ロビーに張り紙がしてあった。「指揮者の希望により前半の演奏中は、客席内が通常の公演時よりも暗くなります。」(下線原文)とある。はて、何が起こるのか?
「田園」の編成は弦が23人と極端に少ない。団員たちはステージ中央にこじんまりと収まっている。あれ、木管の上手に置かれたティンパニに奏者がいないし、金管もいない。
張り紙のとおり、団員が座ったステージ中央のスペースにだけ照明が当たり、その周囲は暗い。
第1楽章、テンポはほぼ標準的。16小節目以降、2V以下の8分音符をスタッカート気味に弾かせる。67以降Vc→1V→低弦へとメロディの受け渡しをそれとなく強調。115以降のVのフレーズ切れ目の4分音符のスタッカートとその後の8分休符をしっかり聴かせる。

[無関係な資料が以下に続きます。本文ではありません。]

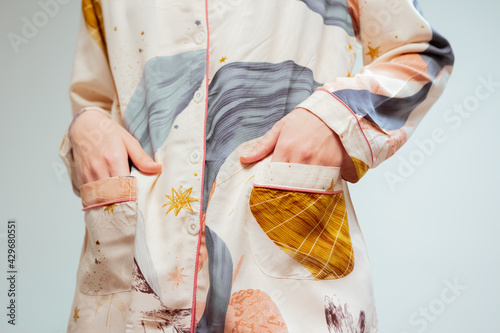 Beautiful booty of a young woman in fashionable beige pajamas
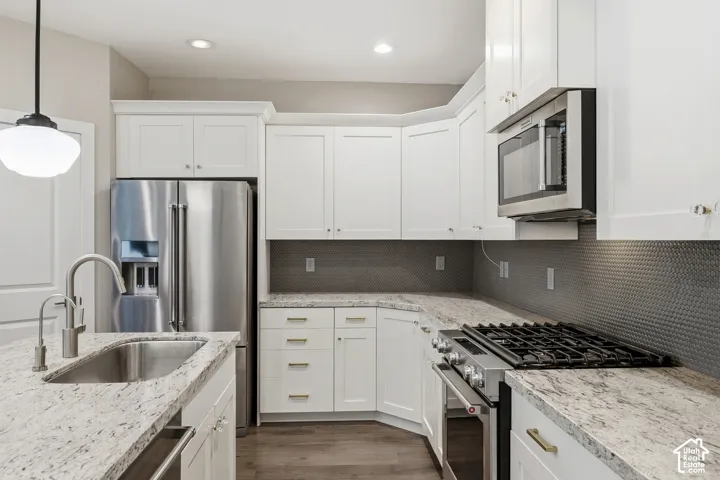 Kitchen featuring white cabinetry, light stone countertops, stainless steel appliances, a honeycomb-patterned backsplash, and a pendant light fixture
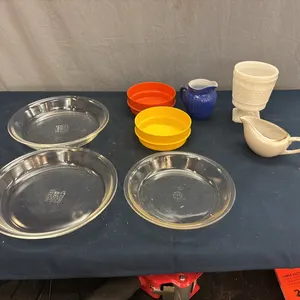 Pyrex plates, tupperware, and little pitchers
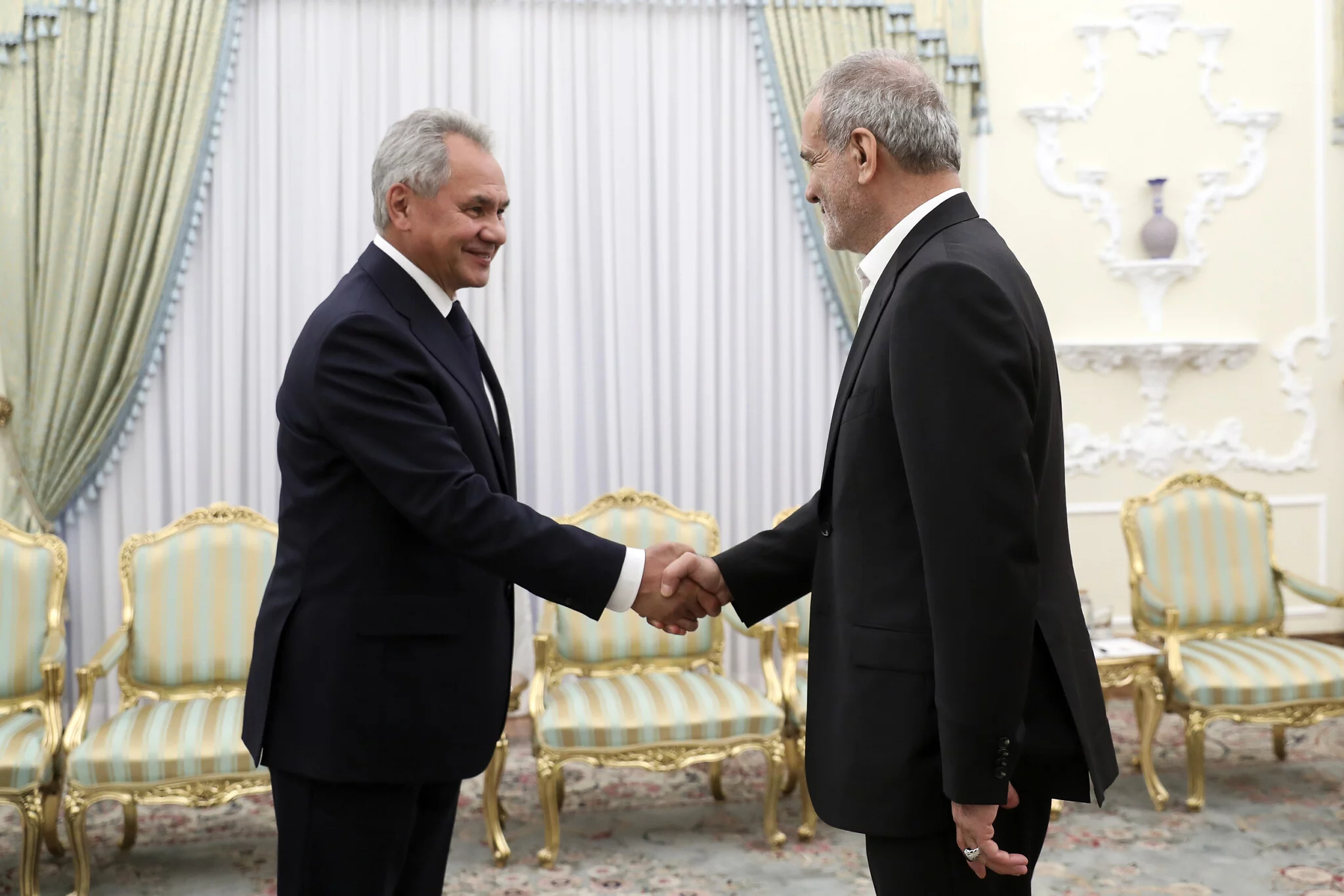 El presidente iraní, Masoud Pezeshkian, a la derecha, estrecha la mano del secretario del Consejo de Seguridad de Rusia, Sergei Shoigu, al comienzo de su reunión en su oficina en Teherán, Irán, el 5 de agosto de 2024. (Oficina de la Presidencia iraní vía AP)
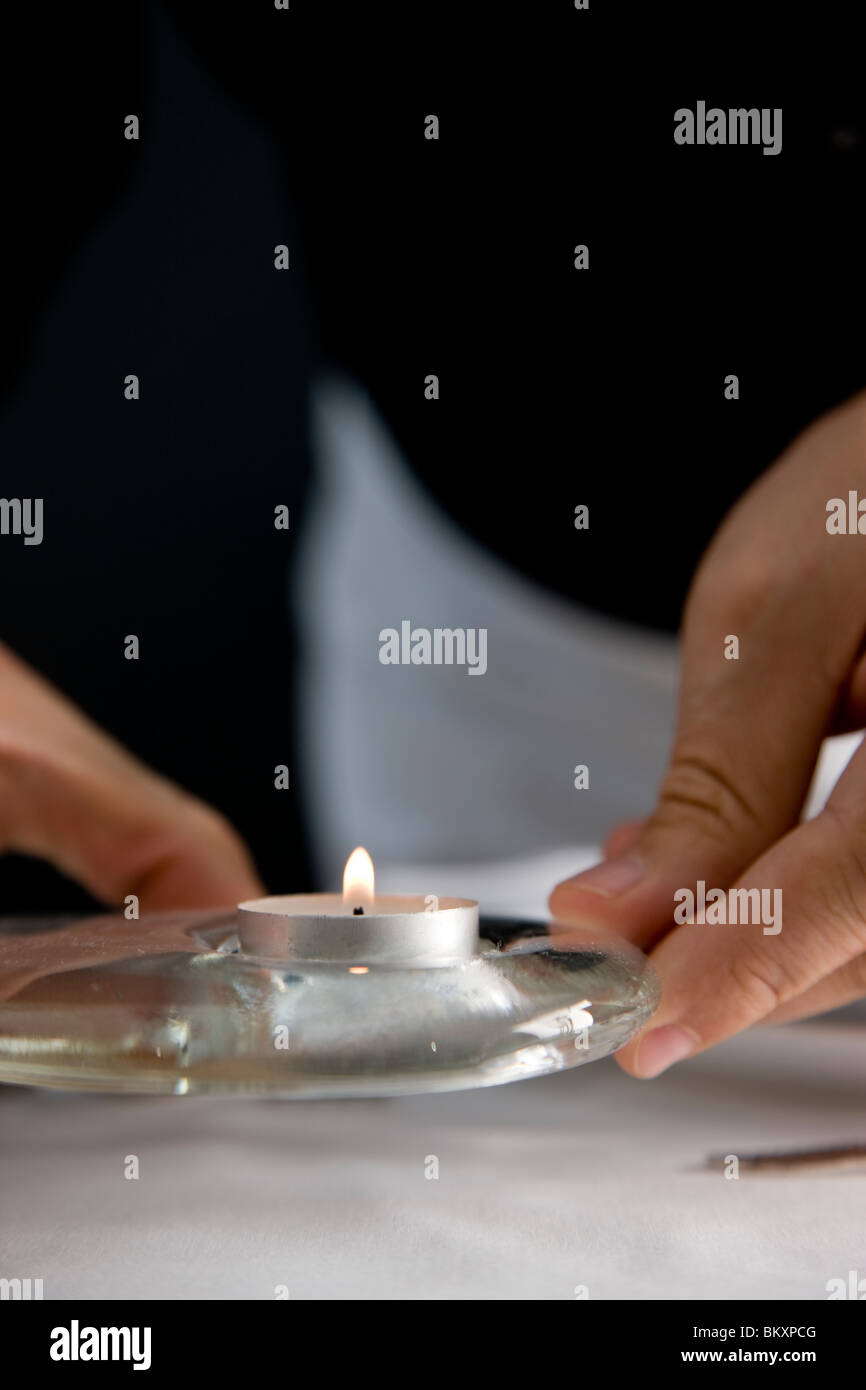 Nahaufnahme von einem Kellner Hände Positionierung ein Teelicht auf einem Tisch im restaurant Stockfoto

何となく続けて弾いているのに慣れていた耳には実に新鮮に聴こえる。井上から「ちゃんと楽譜見てる?」と問われているみたい。
展開部の150以降、隣同士のVaとVcがオケを先導して盛り上げていくのがよくわかる。その一方でそれに重なるVと木管のフレーズだが、1V8人、2V6人くらいだと、木管との音量バランスが絶妙。どちらかが大き過ぎることなく交じり合って聴こえる。これも井上マジックか。187以降などの1VとFgも同様。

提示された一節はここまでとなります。